Communication

Communication is powerful: no group or organization can exist without sharing meaning among its members. In this chapter, we’ll analyze communication and ways we can make it more effective.

Communication must include both the transfer and the understanding of meaning. Communicating is more than merely imparting meaning; that meaning must also be understood. It is only thus that we can convey information and ideas. In perfect communication, if it existed, a thought would be transmitted so the receiver understood the same mental picture the sender intended. Though it sounds elementary, perfect communication is never achieved in practice. Increased understanding of the functions and processes of communication can lead to positive changes in organizational behavior.

Functions of Communication

Communication serves five major functions within a group or organization: management, feedback, emotional sharing, persuasion, and information exchange.1 Almost every communication interaction that takes place in a group or organization performs one or more of these functions, and none of the five is more important than any of the others.

Managing Behavior

Communication acts to manage member behavior in several ways. Organizations have authority hierarchies and formal guidelines for employees that guide communication flow. When employees follow their job descriptions or comply with company policies, communication performs a management function. Informal communication controls behavior too. When work groups tease or harass a member who produces too much (and makes the rest of the members look bad), they are informally communicating, and managing, the member’s behavior.

Feedback

Communication creates feedback by clarifying to employees what they must do, how well they are doing it, and how they can improve their performance. We saw this operating in goal-setting theory in Chapter 7. Formation of goals, feedback on progress, and reward for desired behavior all require communication and stimulate motivation.

Emotional Sharing

The workgroup is a primary source of social interaction for many employees. Communication within the group is a fundamental mechanism by which members show satisfaction and frustration. Communication, therefore, provides for the emotional sharing of feelings and fulfillment of social needs. For example, after a White police officer shot an unarmed Black man in Ferguson, Missouri, in 2015, software engineer Carl Jones wanted to process his feelings through talking with his coworkers at his corporation. As a second example, Starbucks had baristas write “Race Together” on coffee cups to start conversations about race relations. In both cases, the initial communications were awkward, so awkward that Starbucks pulled the campaign, but Jones and others have forged solid relationships from their emotional sharing.2

Persuasion

Like emotional sharing, persuasion can be good or bad depending on if, say, a leader is trying to persuade a workgroup to commit to the organization’s corporate social responsibility (CSR) initiatives or to, conversely, persuade the workgroup to break the law to meet an organizational goal. These may be extreme examples, but it’s important to remember that persuasion can benefit or harm an organization.

Information Exchange

The final function of communication is information exchange to facilitate decision making. Communication provides the information individuals and groups need to make decisions by transmitting the data needed to identify and evaluate choices.

The Communication Process

Before communication can take place it needs a purpose, a message to be conveyed between a sender and a receiver. The sender encodes the message (converts it to a symbolic form) and passes it through a medium (channel) to the receiver, who decodes it. The result is a transfer of meaning from one person to another.3

Exhibit 11-1 depicts this communication process. The key parts of this model are (1) the sender, (2) encoding, (3) the message, (4) the channel, (5) decoding, (6) the receiver, (7) noise, and (8) feedback.

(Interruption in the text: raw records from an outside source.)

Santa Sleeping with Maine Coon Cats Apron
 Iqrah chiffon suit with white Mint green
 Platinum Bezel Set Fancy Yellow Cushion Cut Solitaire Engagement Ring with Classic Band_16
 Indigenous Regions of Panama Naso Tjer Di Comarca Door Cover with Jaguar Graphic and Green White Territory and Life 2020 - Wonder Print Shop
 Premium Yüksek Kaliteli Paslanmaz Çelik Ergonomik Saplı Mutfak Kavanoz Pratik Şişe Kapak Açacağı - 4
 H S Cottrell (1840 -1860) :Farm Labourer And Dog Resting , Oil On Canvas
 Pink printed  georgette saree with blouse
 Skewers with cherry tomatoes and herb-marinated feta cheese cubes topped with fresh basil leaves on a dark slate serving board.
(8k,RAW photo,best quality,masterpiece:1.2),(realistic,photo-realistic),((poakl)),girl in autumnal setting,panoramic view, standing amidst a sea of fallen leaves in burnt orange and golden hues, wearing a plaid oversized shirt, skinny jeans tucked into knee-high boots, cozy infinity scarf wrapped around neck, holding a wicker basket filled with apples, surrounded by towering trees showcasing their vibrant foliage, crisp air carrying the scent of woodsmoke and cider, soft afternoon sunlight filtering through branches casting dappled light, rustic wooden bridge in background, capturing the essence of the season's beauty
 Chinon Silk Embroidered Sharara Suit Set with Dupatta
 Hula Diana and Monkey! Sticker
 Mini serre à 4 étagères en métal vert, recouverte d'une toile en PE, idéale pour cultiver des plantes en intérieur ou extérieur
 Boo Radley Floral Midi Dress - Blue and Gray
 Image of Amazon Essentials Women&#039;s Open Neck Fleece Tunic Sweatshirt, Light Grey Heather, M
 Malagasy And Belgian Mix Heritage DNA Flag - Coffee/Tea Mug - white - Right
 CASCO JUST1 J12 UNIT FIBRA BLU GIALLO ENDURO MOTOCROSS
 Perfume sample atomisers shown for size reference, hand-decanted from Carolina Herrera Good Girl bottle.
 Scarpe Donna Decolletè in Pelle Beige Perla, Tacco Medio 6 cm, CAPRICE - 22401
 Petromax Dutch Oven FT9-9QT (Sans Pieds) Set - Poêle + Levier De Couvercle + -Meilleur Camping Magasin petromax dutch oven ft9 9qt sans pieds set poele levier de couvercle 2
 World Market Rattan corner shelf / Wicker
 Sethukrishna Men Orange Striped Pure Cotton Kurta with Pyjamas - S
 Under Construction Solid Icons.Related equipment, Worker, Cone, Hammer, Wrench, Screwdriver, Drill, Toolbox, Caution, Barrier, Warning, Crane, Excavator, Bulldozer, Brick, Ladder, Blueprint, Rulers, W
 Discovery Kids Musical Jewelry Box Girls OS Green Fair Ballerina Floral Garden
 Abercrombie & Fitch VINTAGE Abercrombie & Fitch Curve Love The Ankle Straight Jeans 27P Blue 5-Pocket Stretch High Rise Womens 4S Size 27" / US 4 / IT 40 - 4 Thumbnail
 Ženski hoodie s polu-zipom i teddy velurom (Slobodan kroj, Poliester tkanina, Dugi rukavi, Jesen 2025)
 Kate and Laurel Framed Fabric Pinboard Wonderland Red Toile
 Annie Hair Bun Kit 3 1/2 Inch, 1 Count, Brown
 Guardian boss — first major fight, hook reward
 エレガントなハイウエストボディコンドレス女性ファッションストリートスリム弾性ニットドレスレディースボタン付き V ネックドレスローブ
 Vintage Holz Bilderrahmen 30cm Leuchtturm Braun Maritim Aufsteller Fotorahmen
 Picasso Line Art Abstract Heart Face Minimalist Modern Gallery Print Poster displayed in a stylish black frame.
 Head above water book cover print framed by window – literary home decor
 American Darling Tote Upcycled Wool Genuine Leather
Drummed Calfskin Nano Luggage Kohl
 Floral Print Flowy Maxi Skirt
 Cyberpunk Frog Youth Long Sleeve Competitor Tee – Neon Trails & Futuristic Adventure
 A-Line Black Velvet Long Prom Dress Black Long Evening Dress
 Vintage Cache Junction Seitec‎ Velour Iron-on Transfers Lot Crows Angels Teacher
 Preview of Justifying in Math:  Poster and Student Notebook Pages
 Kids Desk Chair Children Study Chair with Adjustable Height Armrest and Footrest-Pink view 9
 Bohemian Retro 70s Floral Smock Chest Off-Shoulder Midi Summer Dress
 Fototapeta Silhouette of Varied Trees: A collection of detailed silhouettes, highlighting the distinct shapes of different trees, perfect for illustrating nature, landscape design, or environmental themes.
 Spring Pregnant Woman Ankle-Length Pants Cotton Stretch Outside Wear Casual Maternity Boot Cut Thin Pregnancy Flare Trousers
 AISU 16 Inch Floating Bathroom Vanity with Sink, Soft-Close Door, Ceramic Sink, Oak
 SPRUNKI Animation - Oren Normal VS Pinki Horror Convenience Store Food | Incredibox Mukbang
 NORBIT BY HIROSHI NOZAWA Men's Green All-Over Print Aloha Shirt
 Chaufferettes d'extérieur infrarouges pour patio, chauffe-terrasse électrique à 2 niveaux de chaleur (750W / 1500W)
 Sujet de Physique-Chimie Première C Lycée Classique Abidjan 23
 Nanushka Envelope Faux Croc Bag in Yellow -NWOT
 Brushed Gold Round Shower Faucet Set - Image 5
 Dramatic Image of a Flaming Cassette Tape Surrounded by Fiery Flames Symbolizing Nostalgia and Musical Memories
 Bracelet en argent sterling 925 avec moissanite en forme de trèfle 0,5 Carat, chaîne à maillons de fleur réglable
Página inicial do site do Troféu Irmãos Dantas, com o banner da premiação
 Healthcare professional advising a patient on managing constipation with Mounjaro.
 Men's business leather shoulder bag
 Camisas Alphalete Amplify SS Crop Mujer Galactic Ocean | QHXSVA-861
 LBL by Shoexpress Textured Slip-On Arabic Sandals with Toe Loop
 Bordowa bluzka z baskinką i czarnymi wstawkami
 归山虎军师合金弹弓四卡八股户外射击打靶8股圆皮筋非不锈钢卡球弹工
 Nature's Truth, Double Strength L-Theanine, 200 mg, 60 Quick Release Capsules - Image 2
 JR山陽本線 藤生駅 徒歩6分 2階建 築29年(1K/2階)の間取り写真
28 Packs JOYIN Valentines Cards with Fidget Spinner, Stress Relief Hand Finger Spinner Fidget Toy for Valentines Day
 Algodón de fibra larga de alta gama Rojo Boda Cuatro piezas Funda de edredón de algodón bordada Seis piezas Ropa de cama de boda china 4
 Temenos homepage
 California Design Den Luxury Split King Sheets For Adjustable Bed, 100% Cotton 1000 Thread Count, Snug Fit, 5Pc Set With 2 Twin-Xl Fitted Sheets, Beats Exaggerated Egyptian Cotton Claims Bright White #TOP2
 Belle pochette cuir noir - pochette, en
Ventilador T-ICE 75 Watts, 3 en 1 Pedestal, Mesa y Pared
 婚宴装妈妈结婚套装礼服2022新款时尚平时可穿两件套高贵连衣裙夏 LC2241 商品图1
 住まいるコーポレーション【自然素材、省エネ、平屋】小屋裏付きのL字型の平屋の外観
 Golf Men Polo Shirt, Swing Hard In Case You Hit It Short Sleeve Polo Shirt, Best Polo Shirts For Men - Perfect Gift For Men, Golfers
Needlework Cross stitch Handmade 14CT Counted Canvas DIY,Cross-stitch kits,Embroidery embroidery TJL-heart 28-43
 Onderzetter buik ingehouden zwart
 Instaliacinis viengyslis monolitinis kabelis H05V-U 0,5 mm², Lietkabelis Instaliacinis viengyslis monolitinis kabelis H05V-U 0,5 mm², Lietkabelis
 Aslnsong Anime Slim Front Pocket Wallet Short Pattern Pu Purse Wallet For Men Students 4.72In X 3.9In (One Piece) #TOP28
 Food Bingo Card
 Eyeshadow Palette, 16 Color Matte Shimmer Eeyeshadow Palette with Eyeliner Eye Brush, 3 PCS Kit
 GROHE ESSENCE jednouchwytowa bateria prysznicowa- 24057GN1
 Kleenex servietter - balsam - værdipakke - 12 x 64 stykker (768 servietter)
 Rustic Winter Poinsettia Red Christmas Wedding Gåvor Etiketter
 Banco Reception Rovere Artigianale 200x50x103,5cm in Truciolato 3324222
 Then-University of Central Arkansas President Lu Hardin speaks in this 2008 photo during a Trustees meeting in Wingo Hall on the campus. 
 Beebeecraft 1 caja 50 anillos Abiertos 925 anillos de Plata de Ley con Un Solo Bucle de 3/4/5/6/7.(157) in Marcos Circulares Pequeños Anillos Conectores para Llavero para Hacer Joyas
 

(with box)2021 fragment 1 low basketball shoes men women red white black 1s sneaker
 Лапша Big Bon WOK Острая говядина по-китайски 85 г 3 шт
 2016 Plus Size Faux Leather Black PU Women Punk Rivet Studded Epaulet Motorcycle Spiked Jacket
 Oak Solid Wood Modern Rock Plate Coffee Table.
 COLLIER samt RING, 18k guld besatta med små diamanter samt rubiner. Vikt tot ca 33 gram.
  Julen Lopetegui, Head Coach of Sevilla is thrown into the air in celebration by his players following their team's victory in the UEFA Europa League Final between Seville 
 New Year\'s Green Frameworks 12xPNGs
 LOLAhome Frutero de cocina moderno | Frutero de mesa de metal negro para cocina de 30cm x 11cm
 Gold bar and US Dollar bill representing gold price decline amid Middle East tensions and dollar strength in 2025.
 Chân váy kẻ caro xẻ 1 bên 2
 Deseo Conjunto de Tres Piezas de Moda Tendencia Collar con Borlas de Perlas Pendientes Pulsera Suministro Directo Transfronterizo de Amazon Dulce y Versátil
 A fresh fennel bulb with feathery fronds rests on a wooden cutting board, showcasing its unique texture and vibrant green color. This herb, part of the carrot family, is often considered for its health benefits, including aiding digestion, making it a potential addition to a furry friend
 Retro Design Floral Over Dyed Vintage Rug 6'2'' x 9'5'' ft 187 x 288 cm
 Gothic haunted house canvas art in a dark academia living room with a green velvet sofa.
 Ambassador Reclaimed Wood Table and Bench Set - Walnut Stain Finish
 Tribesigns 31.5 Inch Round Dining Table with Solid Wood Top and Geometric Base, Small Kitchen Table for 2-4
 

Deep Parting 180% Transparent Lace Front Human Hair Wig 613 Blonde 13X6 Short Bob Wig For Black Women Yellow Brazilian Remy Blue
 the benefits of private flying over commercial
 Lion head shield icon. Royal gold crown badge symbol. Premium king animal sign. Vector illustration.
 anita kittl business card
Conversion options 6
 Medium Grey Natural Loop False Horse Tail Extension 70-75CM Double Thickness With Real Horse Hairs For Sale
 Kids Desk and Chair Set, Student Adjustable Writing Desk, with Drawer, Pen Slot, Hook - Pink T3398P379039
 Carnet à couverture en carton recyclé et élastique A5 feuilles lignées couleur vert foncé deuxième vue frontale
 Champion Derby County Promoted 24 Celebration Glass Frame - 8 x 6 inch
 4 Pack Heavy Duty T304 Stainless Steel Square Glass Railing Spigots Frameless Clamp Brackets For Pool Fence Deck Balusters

A flow chart depicts the communication process.

Exhibit 11-1

The Communication Process

The sender initiates a message by encoding a thought. The message is the actual physical product of the sender’s encoding. When we speak, the speech is the message. When we write, the writing is the message. When we gesture, the movements of our arms and the expressions on our faces are the message. The channel is the medium through which the message travels. The sender selects it, determining whether to use a formal or informal channel. Formal channels are established by the organization and transmit messages that are related to the professional activities of members. They traditionally follow the authority chain within the organization. Other forms of messages, such as those that are personal or social, follow informal channels, which are spontaneous and subject to individual choice.4 The receiver is the person(s) to whom the message is directed, who must first translate the symbols into understandable form. This step is the decoding of the message. Noise represents communication barriers that distort the clarity of the message, such as perceptual problems, information overload, semantic difficulties, or cultural differences. The final link in the communication process is a feedback loop. Feedback is the check on how successful we have been in transferring our messages as originally intended. It determines whether understanding has been achieved.